The Funnest Shirt at the Party
By Kevin Assam
The party’s best should be designed by the funnest guy in the room. With a gregarious glint, Schuyler Brown relates the mostly true stories behind his quirky designs. Before Seaplane’s online-only 2011 launch, Schuyler sold BMWs and had ground the NYC ad scene. After two successful retail ventures in Palm Springs (2017) and Provincetown (2018), in January 2019 Seaplane opened at 910 Duval Street in Key West, FL. Schuyler opens up about the stories behind these prints, the business of fashion, and travails along the way.
Kevin Assam: How does Seaplane secure these prints?
Schuyler Brown: With two decades of experience I’ve realized that in wholesale, more yardage is always milled than the manufacturer actually uses. After these units are cut, fabulous remnants can languish for years. I acquire these remnants. If I find 200 yards, for example, we can make 50 numbered, collectible shirts in the USA and sell them direct.
Because Seaplane is the manufacturer we offer high-value prices at retail. Unlike wholesale manufacturers, my shirts are available, always at the same price, and only through Seaplane’s physical stores and website.

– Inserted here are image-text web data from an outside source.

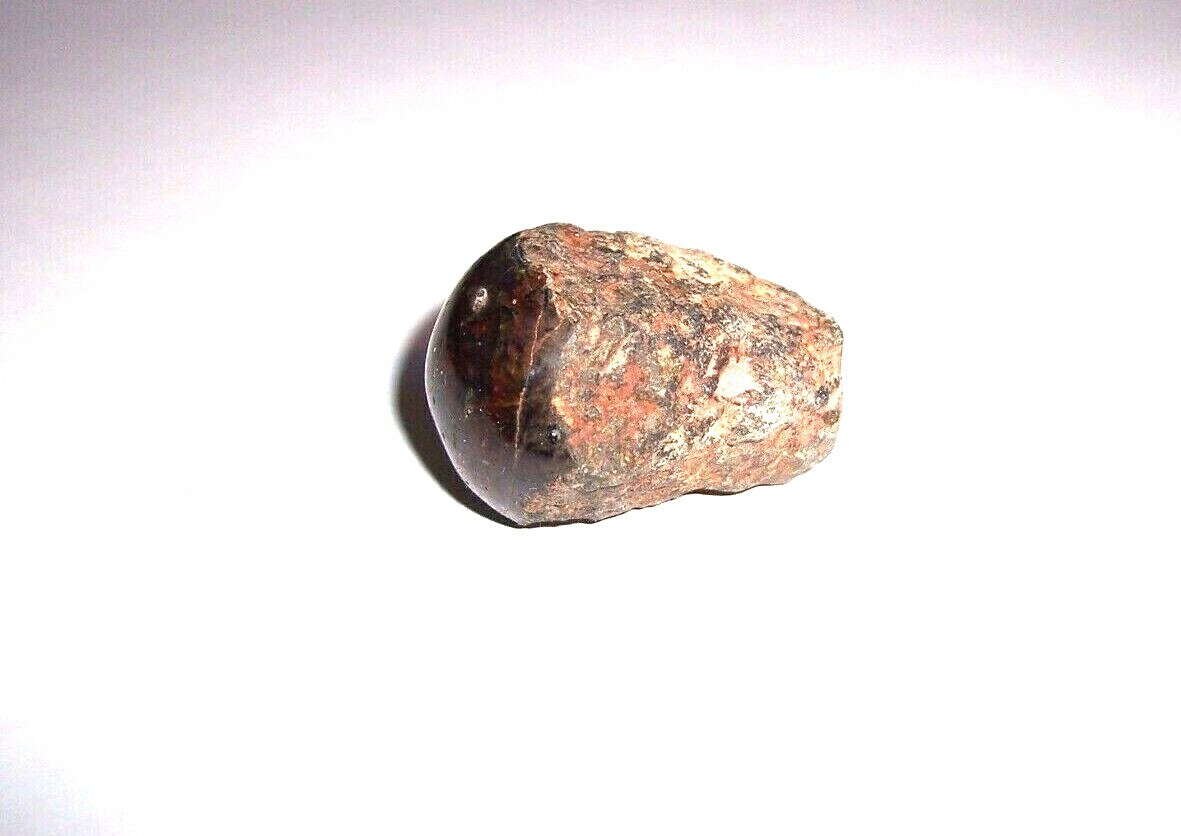 1.19 Oz.. Natural Star Ruby Sapphire Crystal Wand – One End Polished! RE#1627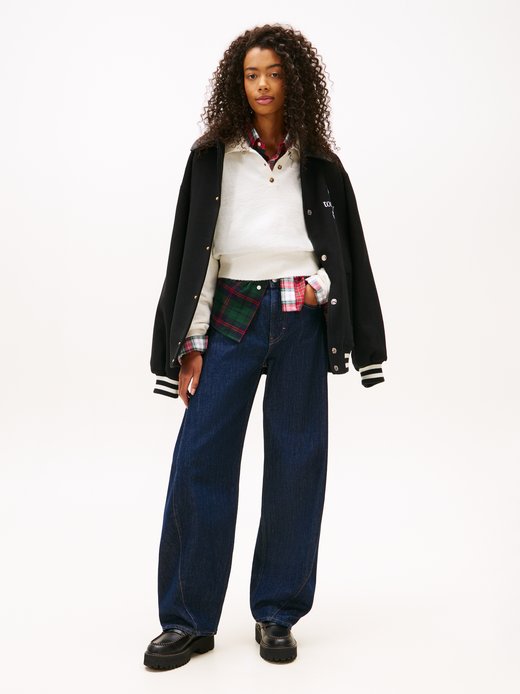 Damen Jeans - Ella Mid Barrel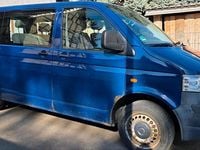 Second-hand VW T5 107 CP (78 kW) 2006 Albastru Van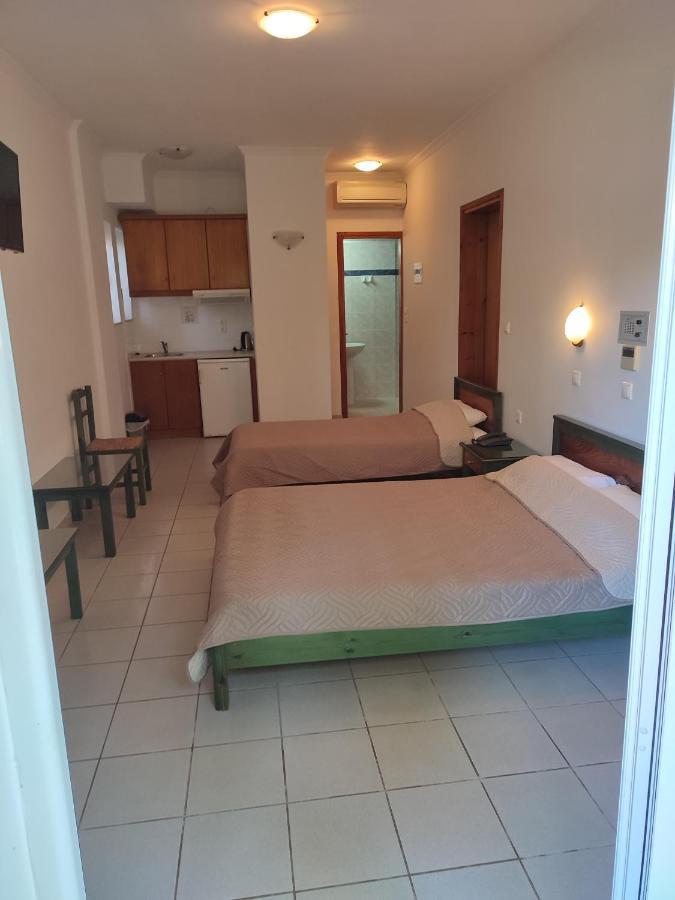 Kyriaki Hotel Kato Daratso Eksteriør billede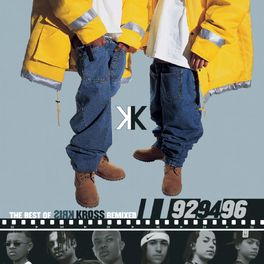 Album cover of The Best Of Kris Kross Remixed: '92, '94, '96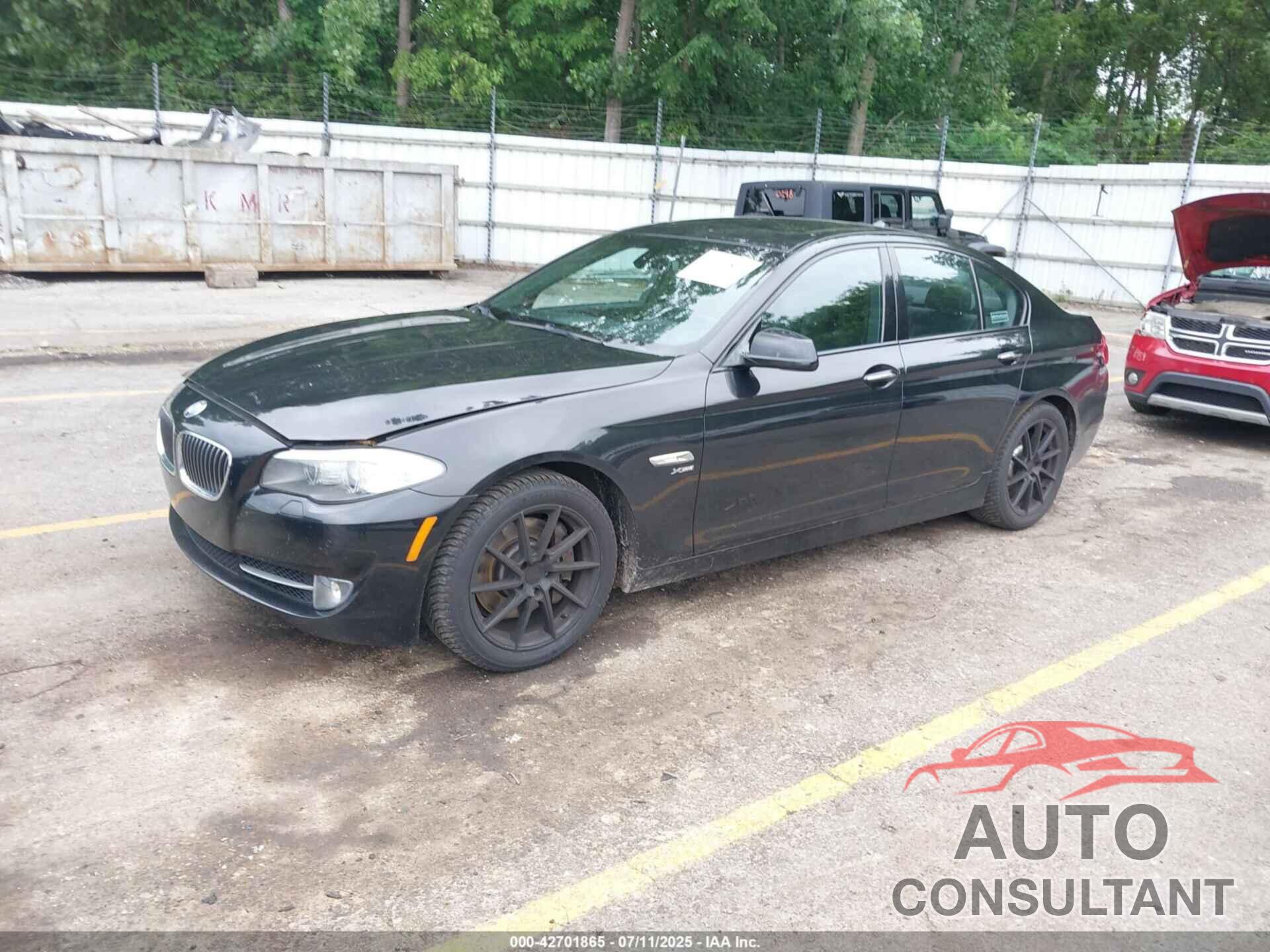 BMW 535I 2012 - WBAFU7C56CDU61714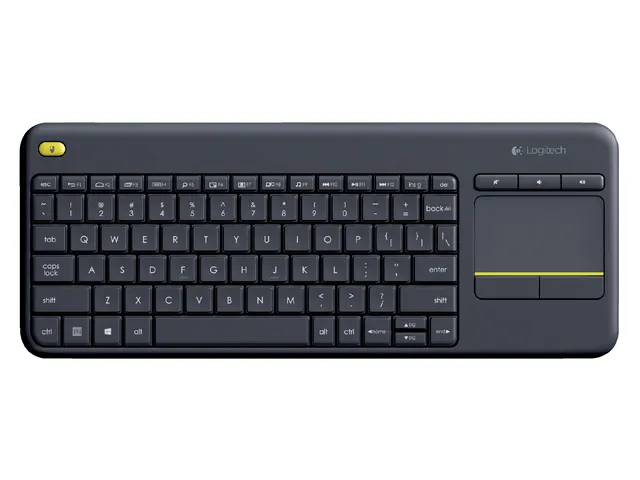 Clavier Logitech K400 qwerty noir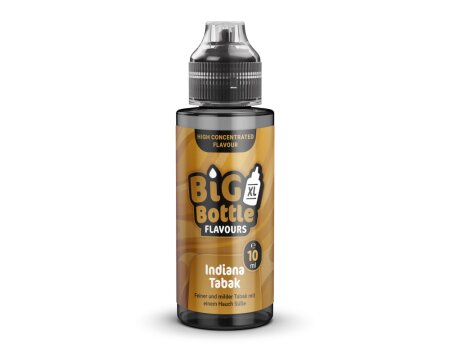 Big Bottle - Aroma Indiana Tabak 10ml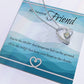 My Dearest Friend | I'll Be The Wings | Eternal Love Necklace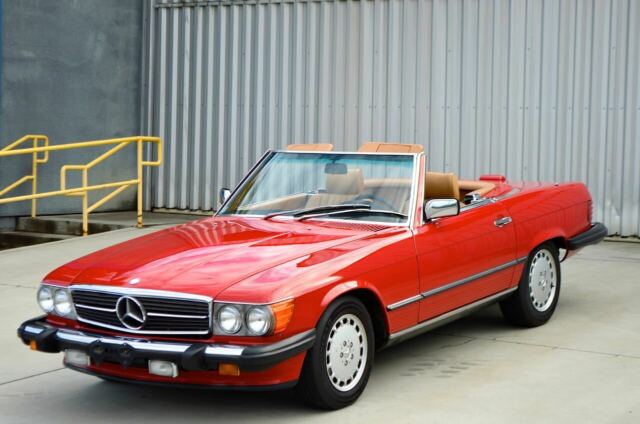 1988 Mercedes-Benz SL-Class 2 door convertible roadster both tops - photo 2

There is no way to disintermediate us. If a customer likes a shirt, given there are only a few pieces in their size, there’s justification to buy now.
KA: Why Key West?
SB: Seaplane customers love far-flung places where they can freely express themselves. Like Palm Springs and Provincetown, Key West has long been a refuge for artists and creative minds. In the two months before closing the deal for 910 Duval, we visited five times, sitting at different locations, counting potential customers, asking who they were and how they got here. Thanks to Key West’s zany culture we’ve gathered a base whose support is essential. That’s what’s most rewarding about our work: like-minded people identify each other through our prints.
KA: Each print has a unique design and narrative. What’s your most outrageous shirt story?
SB: Growing up in 70s Greenwich, my best friend Courtney kept Cornish Hens as pets. Everyday we went to her house where her drunk mom gave us cookies. One day we left the garage door open and the chickens got inside. Her mom withheld any cookies till we chased the chickens out. I accidentally slammed the door on Matilda, the family’s favorite hen. Matilda started backflipping. Courtney screamed. Her mom ventured out to investigate before mercy-snapping Matilda’s neck. We held a funeral. They made me say [a Jewish] prayer. I’m a non-practicing Jew. I don’t know any prayers. That night a fox unfortunately dug up Matilda. This inspired the design Cornish Hen – a shirt great for temple, too.
KA: Why buy your shirt as opposed to a nice meal for two?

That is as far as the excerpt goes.